This work addresses a critical limitation in existing backdoor attacks against federated learning, which often rely on unrealistic synthetic or out-of-distribution triggers that poorly reflect real-world threats. To bridge this gap, the authors propose SABLE, the first method to construct semantically meaningful, in-distribution, and visually natural triggers—such as “wearing sunglasses”—within federated settings. SABLE employs an aggregation-aware malicious objective that combines feature disentanglement with parameter regularization, steering malicious model updates to closely resemble benign ones in parameter space. Evaluated on CelebA and GTSRB, SABLE achieves high attack success rates with only minimal poisoning of local data while preserving benign accuracy. It remains effective across diverse aggregation rules, significantly enhancing attack stealth and interpretability, thereby challenging the prevailing robustness evaluation paradigms built upon synthetic triggers.

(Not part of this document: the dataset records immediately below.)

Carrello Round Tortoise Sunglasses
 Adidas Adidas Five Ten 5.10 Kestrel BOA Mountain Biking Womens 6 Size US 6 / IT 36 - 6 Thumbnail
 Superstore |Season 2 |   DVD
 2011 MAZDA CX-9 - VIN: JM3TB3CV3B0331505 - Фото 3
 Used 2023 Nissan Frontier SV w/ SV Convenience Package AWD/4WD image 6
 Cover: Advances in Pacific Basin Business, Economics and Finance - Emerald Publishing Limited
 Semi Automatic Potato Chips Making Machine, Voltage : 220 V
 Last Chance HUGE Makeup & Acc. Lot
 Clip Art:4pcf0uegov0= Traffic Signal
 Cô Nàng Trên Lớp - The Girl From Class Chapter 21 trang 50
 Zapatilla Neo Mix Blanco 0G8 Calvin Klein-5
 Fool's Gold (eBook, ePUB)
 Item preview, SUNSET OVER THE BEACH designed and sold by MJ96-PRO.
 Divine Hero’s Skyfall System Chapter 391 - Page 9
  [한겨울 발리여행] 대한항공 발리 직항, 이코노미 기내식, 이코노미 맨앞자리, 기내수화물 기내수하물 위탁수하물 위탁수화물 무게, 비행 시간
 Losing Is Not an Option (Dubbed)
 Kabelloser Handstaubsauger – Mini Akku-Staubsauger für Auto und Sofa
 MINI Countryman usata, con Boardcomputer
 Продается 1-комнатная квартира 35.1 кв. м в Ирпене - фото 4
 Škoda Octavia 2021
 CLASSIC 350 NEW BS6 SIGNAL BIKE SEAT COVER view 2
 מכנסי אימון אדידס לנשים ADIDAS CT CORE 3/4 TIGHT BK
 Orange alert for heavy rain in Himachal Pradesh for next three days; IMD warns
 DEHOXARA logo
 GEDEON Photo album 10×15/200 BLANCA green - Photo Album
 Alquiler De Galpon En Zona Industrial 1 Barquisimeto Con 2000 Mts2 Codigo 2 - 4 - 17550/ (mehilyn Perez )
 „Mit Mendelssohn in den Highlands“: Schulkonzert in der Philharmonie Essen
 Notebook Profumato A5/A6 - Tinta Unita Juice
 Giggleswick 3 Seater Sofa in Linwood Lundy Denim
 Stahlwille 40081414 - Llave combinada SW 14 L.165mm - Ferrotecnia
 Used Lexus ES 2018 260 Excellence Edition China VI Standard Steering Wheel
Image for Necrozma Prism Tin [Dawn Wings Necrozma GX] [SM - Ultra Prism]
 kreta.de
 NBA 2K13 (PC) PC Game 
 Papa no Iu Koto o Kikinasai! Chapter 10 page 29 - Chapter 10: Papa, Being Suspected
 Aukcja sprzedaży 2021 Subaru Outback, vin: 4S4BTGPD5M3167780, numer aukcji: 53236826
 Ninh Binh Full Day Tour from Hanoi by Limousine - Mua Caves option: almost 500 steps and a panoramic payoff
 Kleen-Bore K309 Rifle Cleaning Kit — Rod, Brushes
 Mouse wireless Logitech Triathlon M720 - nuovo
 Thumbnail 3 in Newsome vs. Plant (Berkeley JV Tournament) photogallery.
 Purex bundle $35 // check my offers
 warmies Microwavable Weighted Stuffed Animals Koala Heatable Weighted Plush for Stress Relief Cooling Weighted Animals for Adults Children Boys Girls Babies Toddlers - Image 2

Backdoor attacks on federated learning (FL) are most often evaluated with synthetic corner patches or out-of-distribution (OOD) patterns that are unlikely to arise in practice. In this paper, we revisit the backdoor threat to standard FL (a single global model) under a more realistic setting where triggers must be semantically meaningful, in-distribution, and visually plausible. We propose SABLE, a Semantics-Aware Backdoor for LEarning in federated settings, which constructs natural, content-consistent triggers (e.g., semantic attribute changes such as sunglasses) and optimizes an aggregation-aware malicious objective with feature separation and parameter regularization to keep attacker updates close to benign ones. We instantiate SABLE on CelebA hair-color classification and the German Traffic Sign Recognition Benchmark (GTSRB), poisoning only a small, interpretable subset of each malicious client's local data while otherwise following the standard FL protocol. Across heterogeneous client partitions and multiple aggregation rules (FedAvg, Trimmed Mean, MultiKrum, and FLAME), our semantics-driven triggers achieve high targeted attack success rates while preserving benign test accuracy. These results show that semantics-aligned backdoors remain a potent and practical threat in federated learning, and that robustness claims based solely on synthetic patch triggers can be overly optimistic.